Ad markets in the Asia Pacific region made a healthy start to 2002, with all but one (the Philippines) posting year-on-year growth in spend according to latest figures from Nielsen Media Research.

The big winners were China, South Korea and Indonesia, each of which recorded double-digit growth.

The Chinese ad market remained the region’s largest, with spend rising 32% from Q1 2001 to $3.26 billion (£2.24bn; €3.55bn).
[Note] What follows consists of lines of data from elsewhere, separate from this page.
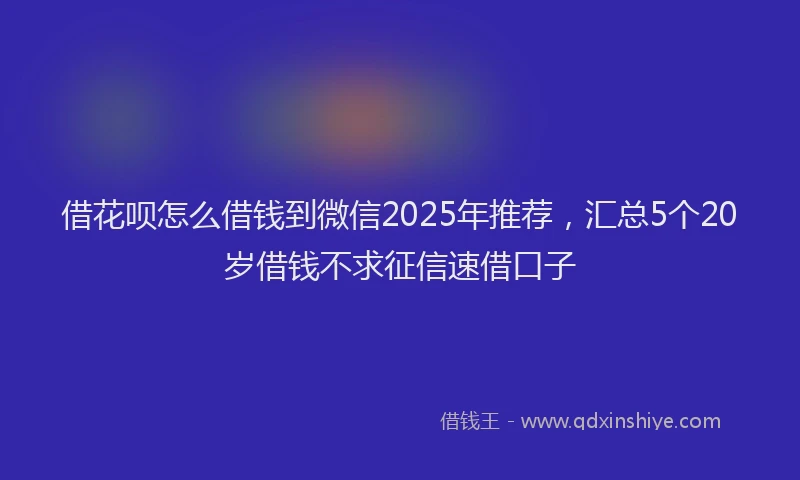 借花呗怎么借钱到微信2025年推荐，汇总5个20岁借钱不求征信速借口子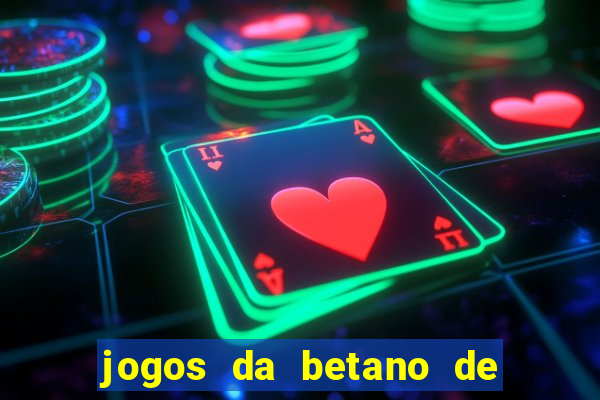 jogos da betano de 10 centavos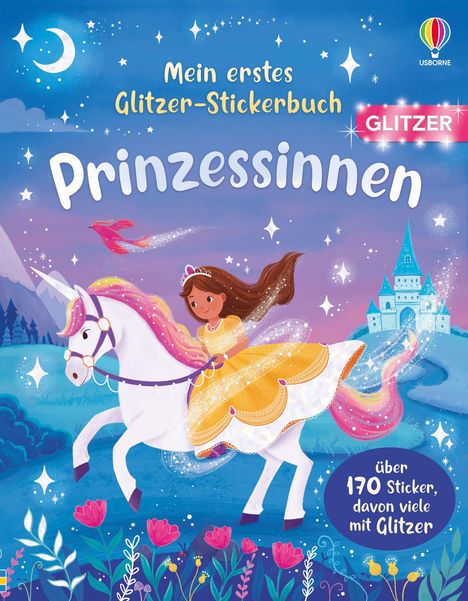 Text: "Mein erstes Glitzer-Stickerbuch, Prinzessinnen, über 170 Sticker, davon viele mit Glitzer." Illustration: Prinzessin auf Einhorn.
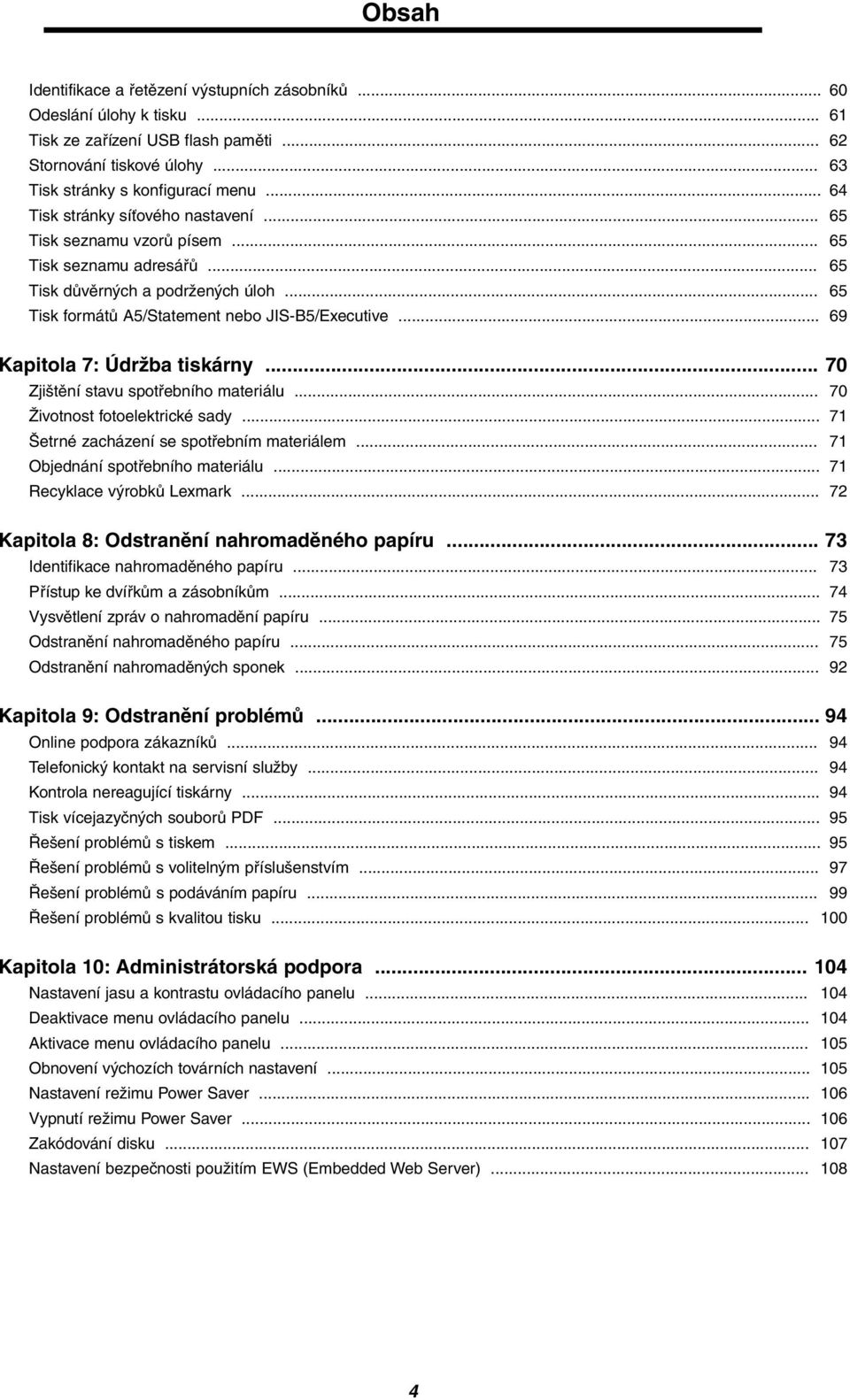 .. 69 Kapitola 7: Údržba tiskárny... 70 Zjištění stavu spotřebního materiálu... 70 Životnost fotoelektrické sady... 71 Šetrné zacházení se spotřebním materiálem... 71 Objednání spotřebního materiálu.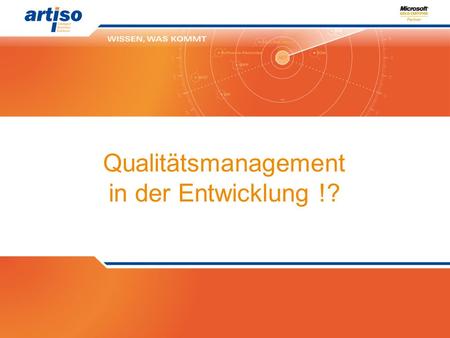 Qualitätsmanagement in der Entwicklung !?. artiso solutions GmbH | Oberer Wiesenweg 25 | 89134 Blaustein | Agenda 1. Ziele und Probleme.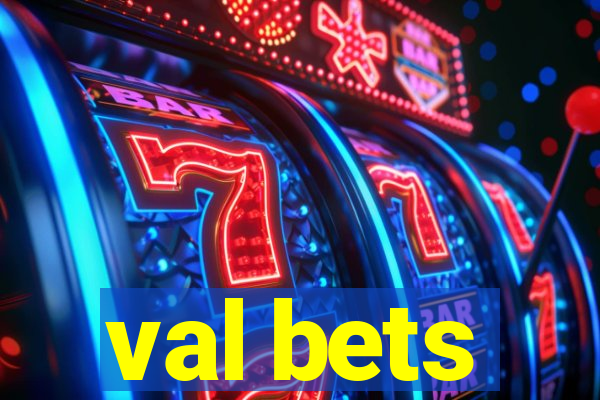 val bets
Advertising for health products retained its dominance of the sector, although the categories of shampoo/conditioners and pharmaceuticals for babies enjoyed staggering growth of 129% and 262% respectively.

South Korea’s ad market, Asia Pacific’s biggest up to 1999, posted a 17% increase to $1.17bn, reflecting healthy economic growth and high consumer confidence. Indonesia, meanwhile, reported the fastest expansion in the region, jumping 34% to $221m.

The top ten markets (with spend and year-on-year percentage change in parentheses) were:

1. China ($3.26bn, +32%)
2. South Korea ($1.17bn, +17%)
3. Hong Kong ($937m, +8%)
4. Australia ($745m, +3%)
5. Thailand ($304m, 8%)
6. Philippines ($273m, -3%)
7. Indonesia ($221m, +34%)
8. Singapore ($203m, +8%)
9. Malaysia ($194m, +7%)
10. New Zealand (173m, +7%)

Local companies feature prominently in the adspend stakes. Indeed, seven of Asia Pacific’s top ten advertisers are Korean.

However, the figures are rate card-based and do not take into account discounts offered to advertisers.